CnEVPost obtained the views of several local analysts, which provide references on what impact that new emission standard will have on the auto industry.
As background, China released its final rule for stage 6 light-duty vehicle emission limits and measurement methods (China 6 standard) in December 2016, a new standard that combines best practices from European and US regulatory requirements.
The standard is being implemented in two phases, with the 6a standard already taking effect on July 1, 2020, and the 6b standard coming into effect on July 1, 2023.
CITIC Securities: Impact will not last long
From July 1, the China 6b standard will be fully implemented, which is more stringent in terms of emission standards and testing criteria compared with China 6a, especially the new RDE test that detects the actual driving emissions of the car, said Yin Xinchi, chief analyst of the auto industry at CITIC Securities, in a research note today.
There are still some old models on the market that do not meet China 6b emission regulations, and the de-stocking of these models may have an impact on the production, sales and prices of the auto industry, according to the note.
However, CITIC Securities also pointed out that the duration of the impact of the transition will not be too long, and the degree of impact will be significantly smaller than the switch of China's auto industry emission standard from China 5 to China 6a in 2019.
China Securities: Essence is the weakening competitiveness of JV brands
China's passenger car market will begin implementing the stricter China 6b emissions standard on July 1, which could exacerbate the pressure to de-stock older models, China Securities automotive industry chief analyst Cheng Siqi's team said in a research report today.
This may intensify the profitability pressure among car companies in the short term, but behind it reflects the further erosion of the competitiveness of second- and third-tier joint venture brands, according to the team.
Against the backdrop of rising market share of local Chinese brands and the ongoing electrification transformation of China's auto market, these joint venture brands have been forced to start cutting prices and de-stocking, the team said.
Huaxi Securities: Several regions have already completed the standard switch
The China 6b emissions standard will go into effect on July 1, and overall, this will have limited material impact on the auto industry, Huaxi Securities analyst Cui Yan's team said in a research note today.

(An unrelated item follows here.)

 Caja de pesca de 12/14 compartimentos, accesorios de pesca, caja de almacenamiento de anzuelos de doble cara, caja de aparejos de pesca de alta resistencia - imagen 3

The window for that transition is long, and several regions have already completed the transition ahead of schedule, such as Beijing, Shanghai, Guangzhou and Tianjin, according to the team.
Car companies previously experienced the pain of the transition from China 5 to the China 6a standard and this time are expected to prepare beforehand, the team said.
Inventories in the Chinese auto industry are currently at an above-average level, but the vast majority of inventories have been accrued since April 2022, according to the team.
The team believes the recent wave of price cuts in the Chinese auto industry is largely due to the penetration of new energy vehicles (NEVs) reaching about 30 percent and the willingness and ability of some leading car companies to grab market share.
The China automobile dealers VIA (Vehicle Inventory Alert Index) stood at 58.1 percent in February, up 2.0 percentage points from a year ago but down 3.7 percentage points from January, still sitting above the 50 percent mark, according to China Automobile Dealers Association data released earlier this month The data.
For the VIA, a value below 50 percent is a reasonable range, and a higher reading means lower market demand and greater inventory pressure, according to the index's description.